Thronebreaker: The Witcher Tales
Thronebreaker: The Witcher Tales is an enchanting and somewhat macabre entry into the Witcher video game franchise by CD Projekt Red.
The game’s core battle mechanic revolves around the Gwent strategy card game that was introduced in The Witcher 3: The Wild Hunt. The competitive card game built into the single-player RPG was eventually released in the standalone game GWENT: The Witcher Card Game
Thronebreaker released first on PC in October 2018 and later on PlayStation and Xbox consoles that January. CD Projekt Red launched the game on the Nintendo Switch on January 28, 2020.
In Thronebreaker, you play as Queen Meve, the ruler of Lyria and Rivia. Though the game takes place in the Witcher universe and is entrenched in its politics, you do not assume the role of your favorite beast hunter. Instead, Thronebreaker endeavors to flesh out the world first described in The Witcher book series by Polish author Andrzej Sapkowski, expounded on by CD Projekt Red in the titular three-game mainline series and now made more commercially successful thanks to the deep coffers of Netflix and Henry Cavill’s uncanny ability to channel Geralt of Rivia and his grunts.
As Queen Meve, you are tasked with returning home Lyria and Rivia. You had left the lands in the care of your son Villem, but you have come to find the lands overrun by bandits and those pesky Nilfgaardian troops that seem to be an ever-present threat against others living around them.
As Meve, you will travel over a beautifully crafted and incredibly large geographic area, where exploration leads to hard decision making and the recruitment of troops and copious amounts of resources. The story gives the player the chance to make important decisions that will ultimately affect what cards and units are available to your deck at any given time.
The game offers mild resource management between gold, recruits and wood, all of which can be found in various ways through exploration across the world. These resources are used in crafting army reinforcements, which are additions to your deck, as well as building upgrades to your camp. Your camp includes your Workshop, where you upgrade your camp buildings to receive various perks; The Command tent, where you edit your deck and craft cards/ recruit units; The Royal tent, where you read reports, view maps, keys and collected card fragments; Mess tent, where you speak with important characters that have joined Meve on her journey; and the Training Ground, where you can hone your skills against an AI opponent.
The world offers a large variety of points of interest, tying together regional and political lore introduced by other titles in the series in between mediation of conflict and combat objectives against enemies that fans of The Witcher franchise may recognize.
The narrative in the game is heavy as it is in the mainline game, offering players a chance to delve into correspondence, missives, and journals of Meve’s subjects, suffering under her son’s lack of tenacity and Nilfgaard’s annoying insistence in trying to rule over her homeland. Most combat includes well-written and voice acted cut-scenes with a good variety of standard best-of-three card games and special game types/puzzles/challenges to keep the game from feeling repetitive as you travel across the lands of Lyria and Rivia.

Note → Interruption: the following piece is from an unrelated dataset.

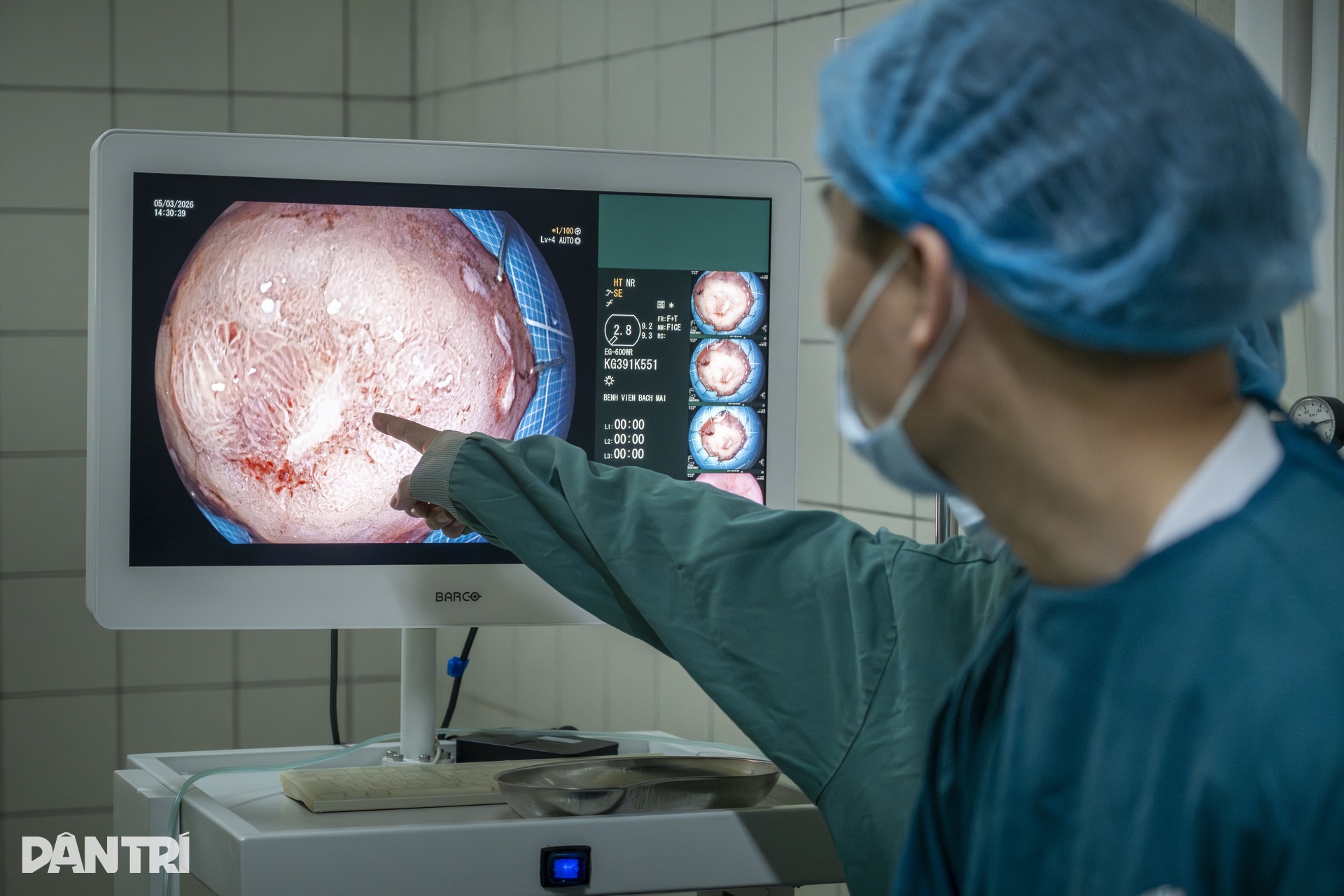 Xem bác sĩ biến ung thư thành bong bóng, loại bỏ hoàn toàn khỏi dạ dày - 21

Gwent is an easy-to-pick-up game and your decks merely act as an easy way to catalog your units and manage them in battle.
The game also introduces non-standard battles featuring challenges and puzzles that ask for unusual win conditions, providing some unpredictability for players who are not fans of a linear play-through experience.
The game offers players the chance to skip battles following a combat loss, so there is no risk in feeling locked in by not understanding how to overcome one of the puzzles.
I really enjoyed the narrative with its strong writing and boisterous cast of voice actors that pulled me into the drama of Lyria and Rivia with ease. Those strengths, coupled with the beautiful (and large) overworld to explore made for an immersive jaunt into the world of The Witcher.
The resource management in the game is very tame, but I enjoyed the incentive it gave to really exploring the map and paying to send scouts when I have the chance.
At the end of story arcs in Thronebreaker, the game shows you a list of collectibles and milestones to be completed/collected and allows completionist players the chance to 100% the area before moving on in the story. I appreciated this small act of compassion for the same reasons I appreciate that developers included a "skip battle" option, to allow players to savor the gameplay in whatever manner they most enjoy.
If you are a fan of high-fantasy and political intrigue, I recommend taking a crack as Queen Meve in Thronebreaker: The Witcher Tales even if strategy card games are not your usual speed.